Me quitó con rapidez la chaqueta, dejándola caer sobre un banco de madera, y giró el grifo de la ducha hasta el tope de agua caliente. Un chorro inicial, tibio y tímido, me golpeó rápidamente. Me deslicé bajo el agua, sintiendo cómo caía sobre mi piel como una caricia densa, y el calor empezó a volver a mi cuerpo.

Abrí los ojos y la mirada clavada de Hugo aumentó de pronto la temperatura.

—Es la segunda vez que me meto en una piscina para sacarte —bromeó, mirándome de arriba abajo sin disimulo.

—Y no te lo he pedido ninguna de las dos —reclamé.

—Tengo un don especial para saber lo que quieres sin necesidad de que lo pidas, Nell —insinuó con un tono totalmente distinto.

Mis manos acariciaron sus brazos con cuidado y, de un tirón, lo obligué a meterse bajo la ducha conmigo. No opuso resistencia, como si lo hubiera estado esperando todo ese tiempo.

Su mirada bajó directamente a mi cuello y, con el índice, levantó el tirante de mi sujetador, dejándolo caer por el hombro. En ese momento sentí cómo mi piel se quemaba, y no precisamente por el agua.

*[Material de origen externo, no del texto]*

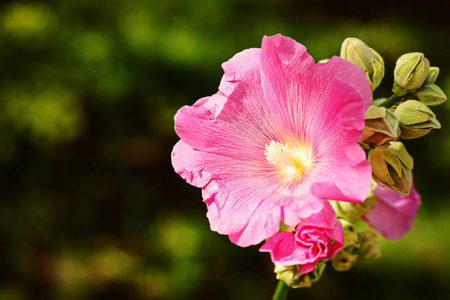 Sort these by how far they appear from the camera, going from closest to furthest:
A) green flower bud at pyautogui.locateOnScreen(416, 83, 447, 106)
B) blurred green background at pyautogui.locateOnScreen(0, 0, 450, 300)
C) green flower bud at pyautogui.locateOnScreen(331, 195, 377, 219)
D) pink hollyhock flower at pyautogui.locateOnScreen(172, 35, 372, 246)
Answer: pink hollyhock flower at pyautogui.locateOnScreen(172, 35, 372, 246), green flower bud at pyautogui.locateOnScreen(416, 83, 447, 106), green flower bud at pyautogui.locateOnScreen(331, 195, 377, 219), blurred green background at pyautogui.locateOnScreen(0, 0, 450, 300)

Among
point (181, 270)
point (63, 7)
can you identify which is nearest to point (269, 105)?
point (181, 270)

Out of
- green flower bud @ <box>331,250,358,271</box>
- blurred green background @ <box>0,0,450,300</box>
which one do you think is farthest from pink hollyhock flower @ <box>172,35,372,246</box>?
blurred green background @ <box>0,0,450,300</box>

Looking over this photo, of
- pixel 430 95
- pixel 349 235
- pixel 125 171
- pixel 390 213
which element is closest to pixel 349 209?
pixel 349 235

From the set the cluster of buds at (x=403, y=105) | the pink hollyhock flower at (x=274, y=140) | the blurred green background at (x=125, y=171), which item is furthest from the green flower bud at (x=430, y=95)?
the blurred green background at (x=125, y=171)

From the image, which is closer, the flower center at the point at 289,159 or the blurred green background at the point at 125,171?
the flower center at the point at 289,159

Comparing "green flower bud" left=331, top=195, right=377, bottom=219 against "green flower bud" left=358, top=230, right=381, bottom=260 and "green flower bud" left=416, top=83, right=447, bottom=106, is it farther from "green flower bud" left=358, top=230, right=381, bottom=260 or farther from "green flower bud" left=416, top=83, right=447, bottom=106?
"green flower bud" left=416, top=83, right=447, bottom=106

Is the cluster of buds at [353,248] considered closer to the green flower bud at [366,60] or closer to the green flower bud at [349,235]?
the green flower bud at [349,235]

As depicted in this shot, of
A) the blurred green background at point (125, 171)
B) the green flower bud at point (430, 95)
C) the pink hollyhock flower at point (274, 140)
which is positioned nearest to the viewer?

Repitió el gesto con el otro tirante y bajo mi sostén dejando mis pechos totalmente al descubierto.

La playa, la arena, aquella noche…todo se repetía una y otra vez en mi mente pero necesitaba borrarlo a toda costa.

Levantó con fiereza mi mentón y nuestras bocas, mas conocidas ahora, se juntaron con deseo.

Me agarro por la cintura enredando mis piernas alrededor de él. El agua seguía cayendo mientras notaba la dureza bajo su boxer clavada en mi.